Consequência dessa divisão é que embora o feitio dos dois tipos de tradução sejam distintos, haja vista que a tradução que pretende ficar em pé sozinha acaba fazendo escolhas de maneira sensivelmente distinta daqueloutra que por exemplo incrusta a tradução no corpo de uma dissertação de mestrado, tornando-a, como eu disse, estágio de compreensão, etapa ou forma de análise do original e não um texto a ser lido e apreciado por si só; embora seus feitios sejam distintos, nada impede que mesmo uma tradução não-autossuficiente possa chegar a resultados muito perspicazes.

Dividir, portanto, tradução em literal ou não, às vezes de maneira caricata ao se reportar à fôrma do original ou, pior ainda, ao ser ela poética ou não para nosso gosto, o que em última instância quer dizer se afaga ou não os ouvidos do resenhista; tudo isso, todos esses cacoetes odiáveis que eu mesmo já pratiquei e de que já me orgulhei muito, têm se tornado intragáveis nos últimos tempos.
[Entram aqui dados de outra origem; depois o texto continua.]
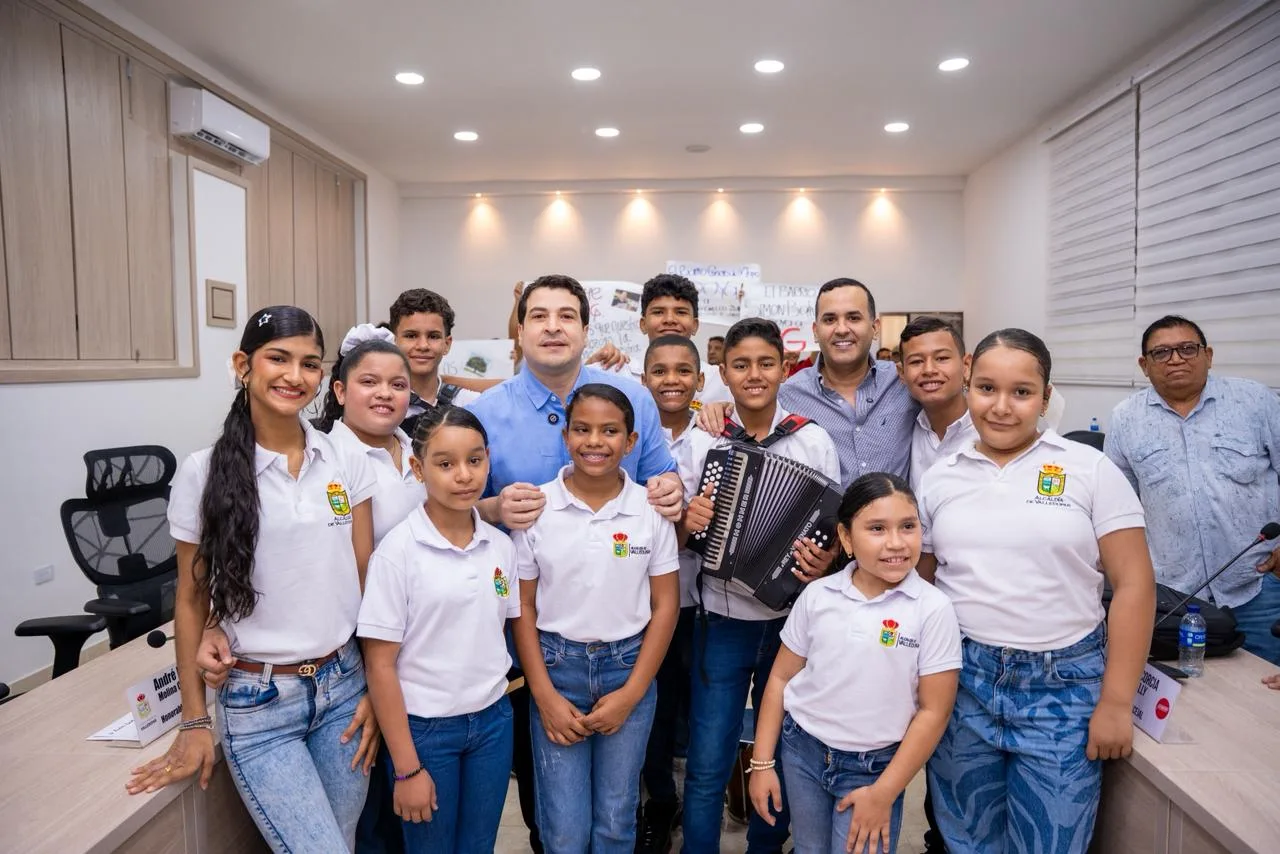 La Cátedra Vallenata avanza en el Concejo de Valledupar para llegar a las aulas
Penso que nos estudos clássicos conseguimos encontrar lições admiráveis a respeito do assunto, isto é, de como mesmo traduções não-autossuficientes podem fornecer momentos extremamente reveladores de leitura do original, aquilo que, em última instância, é o que esperamos de toda boa leitura e toda boa tradução de um texto. De um modo geral penso, ou, até para ser mais exato, gosto de fantasiar que os estudos clássicos são uma área bem diferente da imagem caricata que fazemos deles, como um terreno propício para reacionários que obrigatoriamente manuseiam e traduzem poemas antigos à maneira de quem enfaixa uma múmia. Bem pelo contrário, é comum encontrarmos propostas de tradução bem diversas coexistindo entre si quando o assunto é literatura antiga; quem, por exemplo, quiser ler o Édipo Rei encontrará disponíveis no mercado traduções tão distintas como as de Mário de Gama Khury, Trajano Vieira, Leonardo Antunes e Lilian Sais, indo do verso regular até o de matriz experimental, da recriação rítmica até o verso livre.

Um exemplo simples e en passant. No fragmento 287 de Íbico, que li há muitos anos atrás pela primeira vez na versão exuberante de Décio Pignatari, e que desde então vem me assombrando, pra dizer o mínimo, encontramos, no verso 2, o verbo δερκόμενος, particípio presente de δέρκομαι. Décio o traduziu para "Lança-me", ao passo que o Guilherme Gontijo e o Leonardo Antunes, dois dos mais criativos e fecundos tradutores de línguas antigas entre nós, usam "contempla". Ora: que as traduções dos três são ditas artísticas ou poéticas, dificilmente alguém iria duvidar. São claramente o que eu batizaria de traduções autossuficientes. Mas veja o leitor que Giuliana Ragusa, uma das maiores especialistas em poesia grega arcaica, destaque para Safo, usa "fitando" ao traduzir o poema a certa altura de seu estudo dedicado às representações de Afrodite na poesia grega do período. Isto pois, segundo argumenta, a etimologia de δέρκομαι aponta para δράκων, serpente, indicando portanto que o olhar lançado por Eros para sua vítima é o mesmo de uma cobra que assiste de maneira paciente a sua presa.

Isso é precisão vocabular. E precisão vocabular é concisão, e concisão, já o sabemos, é poesia. Como negar, portanto, que com "fitando" Giuliana Ragusa está sendo percuciente, mas percuciente de um modo incongruente com o que a pecha de literal poderia a princípio indicar? Não é só questão de ser - voltemos à expressãozinha - literal, afinal de contas seria de bom tamanho indagar o que significa ser literal no solo arenoso e instável da literatura antiga; pergunto-me também por qual razão manusear com um tipo de desdém implícito uma tradução que consegue revelar tanto.

Fiquemos com o fragmento de Íbico em sua tradução:

Eros, de novo, de sob escuras
pálpebras, com olhos me fitando derretidamente,
com encantos de toda sorte, às inextricáveis
redes de Cípris me atira.
Sim, tremo quando ele ataca,
tal qual atrelado cavalo vencedor, perto da velhice,
contrariado vai para a corrida com carros velozes.